Older factory fuel injection systems used on vehicles like this 1991 Mustang use "narrow band" oxygen sensors that don't provide closed loop feedback during wide-open throttle. This is because during full throttle, the target air/fuel ratio is richer than the narrow band oxygen sensor's range. At wide-open throttle, the EFI system makes fueling estimates based upon readings from the other sensors and adds fuel based upon a predetermined "recipe" programmed into the factory EFI computer. This meant when running a power adder such as nitrous, the additional fuel needed had to be introduced by manipulating the fuel pressure regulator or injecting fuel via a nozzle or plate. Determining the right amount of fuel to add involved more estimates and testing.
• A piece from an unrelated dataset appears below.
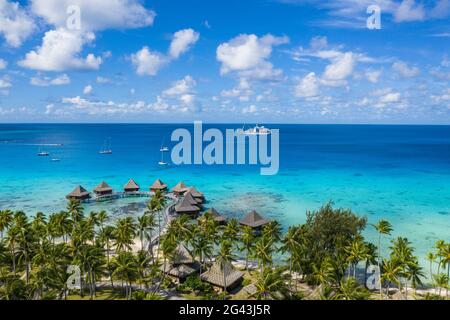 Luftaufnahme des Hotels Kia Ora Resort Stockfoto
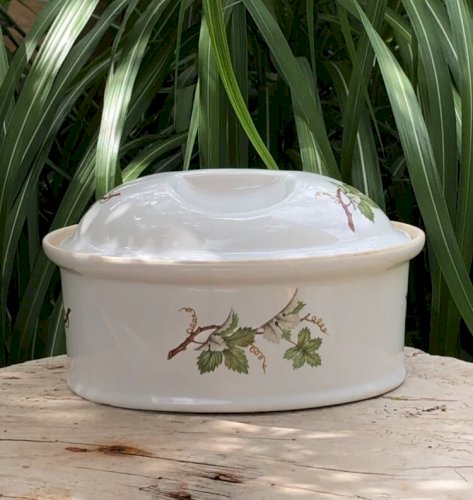 Terrine ovale blanche motifs lierres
However, the Terminator X's wide-band oxygen sensor monitors the air/fuel ratio continuously—even during wide-open throttle. Estimates are still used to set the baseline for the additional fuel, but even if your estimates are off, the Terminator X has your back. Checking the "Run Closed Loop to New Target A/F Ratio" option ensures that (if the fuel system is up to the task) the engine receives the desired air/fuel ratio.
Then, the Holley Terminator X's powerful data logging feature is a great way to double-check the results and make any adjustments.
Here's how Holley's Terminator X made spraying a 1991 Mustang GT a breeze.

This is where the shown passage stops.